To do:
Copy nothing but the lines below running from the line containing "EllaLong from StripChat" through the line containing "Toyota GR 86", both end lines included.

Data START

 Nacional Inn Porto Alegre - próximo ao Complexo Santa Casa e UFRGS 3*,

Data END
Data START

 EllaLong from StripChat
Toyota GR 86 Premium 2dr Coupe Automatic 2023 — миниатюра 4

Data END

Task result:
 EllaLong from StripChat
Toyota GR 86 Premium 2dr Coupe Automatic 2023 — миниатюра 4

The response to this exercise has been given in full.